Through our collective efforts, whether passing the Teach New Jersey Act to reform the state's tenure process, and the evaluation system for all of our school districts, or the recent agreement on a landmark contract in Newark, where teachers will earn raises and be eligible for additional bonuses based on performance, performance that they're accomplishing in the classroom, we're recognizing that research has shown us for years great teachers matter, and so their effectiveness matters for our kids, and strengthening our educators with high expectations and strong support and training systems can make a life-changing difference for our children. And, you know, as a parent, I know that I want the best for my children and parents across New Jersey want the best for their children no matter where they live. I believe our work demonstrates unequivocally that we are going to accept nothing less for any of New Jersey's children, no matter what their zip code.
So with today's announcement of the Woodrow Wilson Teaching Fellowship, we are reaffirming our commitment to investing in teacher talent by creating a new pipeline for recruiting highly-qualified teaching candidates and training them, so they can generate the greatest positive learning outcomes for children all across New Jersey. The fellowship, which has nearly $9 million in support from a consortium of foundations and private funders, and I see Chris Daggett here from the Geraldine R. Dodge Foundation, one of the major supporters of Chris, and Chris, thank you for the foundation's support and for your support as well. We'll provide $30,000 stipends to recipients in exchange for their commitment to teach in a high-need urban or rural school in New Jersey for three years with ongoing mentoring. Partnerships between our higher education institutions and our school districts are essential, and I'm thrilled that my Secretary of Higher Education Rochelle Hendricks, who also has a bit of a history in the Department of Education as well, is here today, and leading the charge along with the College of New Jersey, Montclair State, Rowan, Rutgers University in Camden, and William Paterson, are all taking part in this venture along with our regular secondary and elementary schools. I'd also like to point out that New Jersey continues to lead the way in a reform—we're the first East Coast state to participate in the Woodrow Wilson Teaching Fellowship, and we're proud to have that distinction.

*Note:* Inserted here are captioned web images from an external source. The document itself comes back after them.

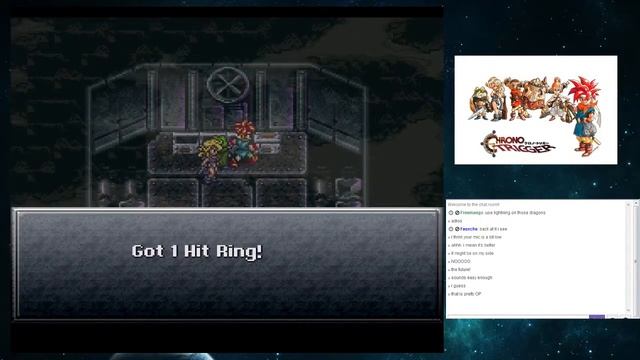 Let's Play Chrono Trigger Part 31 - Back to the Future 2 смотреть онлайн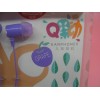 晨光標朗耳機Q果動面條線入耳式ADG97971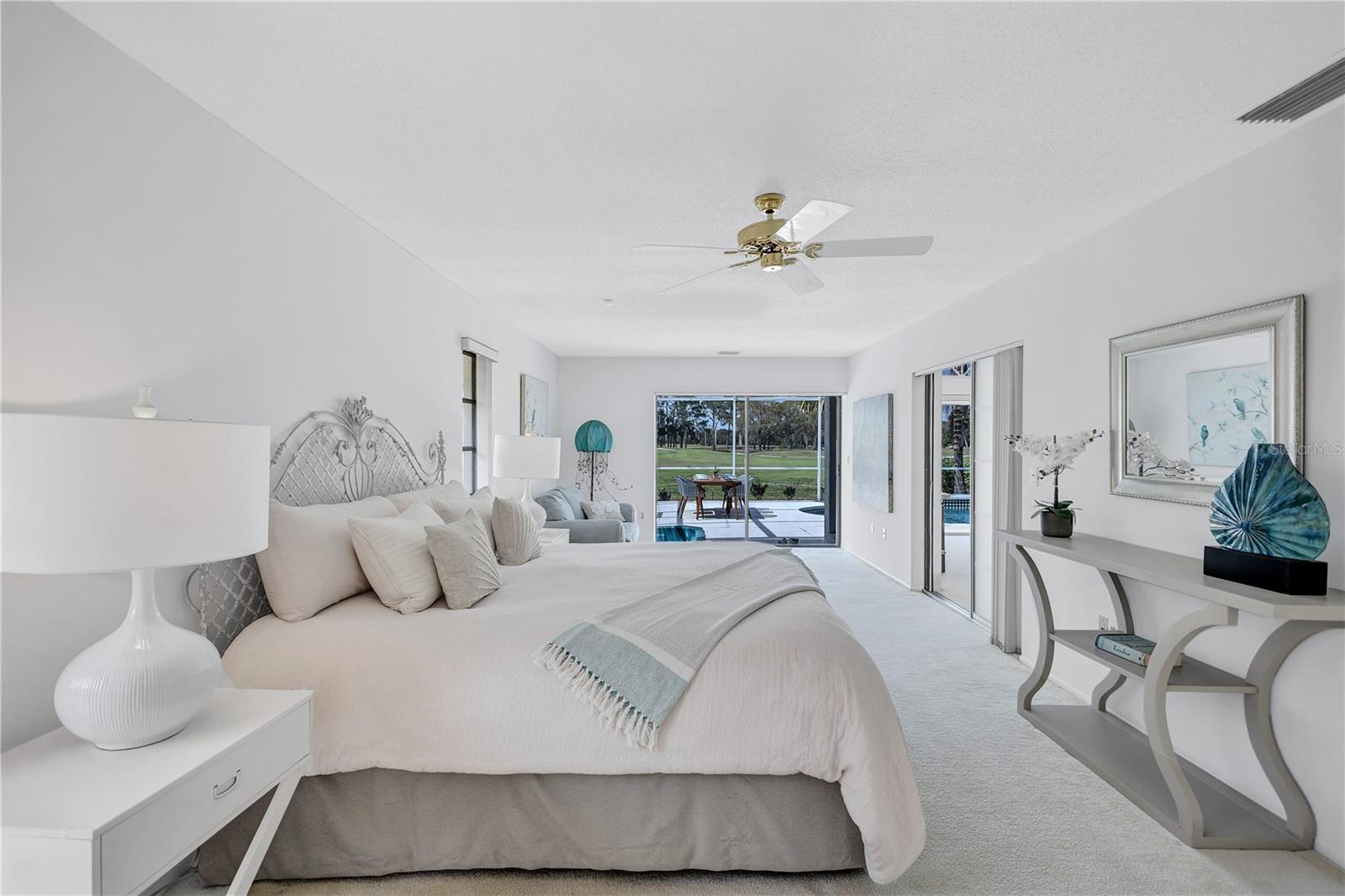 MEADOWS THE - Residential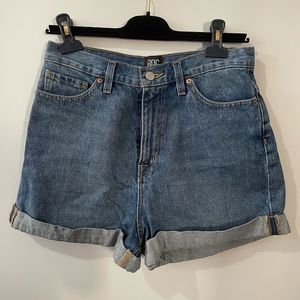 Urban Outfitters Jean shorts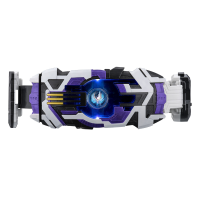 DX激光熠烁驱动器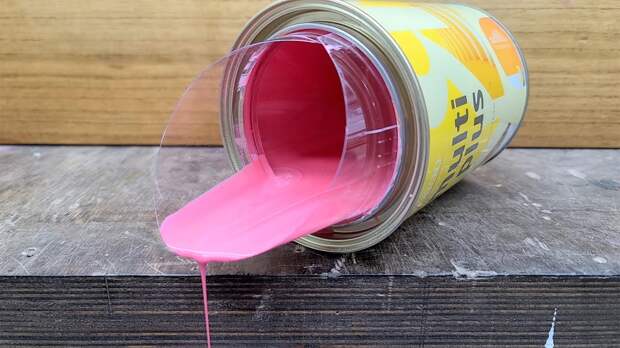 3 tips to help you with your paint job / Recycling takeaway coffee cups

Beyond just investing in education, this demonstrates a commitment to growing our economy.The fellowship, which is specifically targeted to recruiting teachers with strong backgrounds in the STEM fields, science, technology, engineering, and mathematics. These are fields that experts forecast as forming the basis of the global economy over the next decade. In the US Department of Commerce, they have projected that STEM occupations will grow by 17% from now until 2018, compared to 10% growth in non-STEM occupations. That means approximately 2.8 million new STEM job openings. Through the Woodrow Wilson Teaching Fellowship, we'll be able to help transform the way teacher candidates are prepared, so they can equip our students with the skills they need to fill those jobs, and to make our state and our country more competitive in this economy.
And so, I want to thank Arthur for approaching me some time ago about taking this on. I want to thank Chris and Rochelle for stepping up to the plate and making it happen, and I'm proud to introduce Arthur. I'll be back to take questions after that, but I want to introduce our partner in this, Arthur Levine, the president of the Woodrow Wilson Foundation."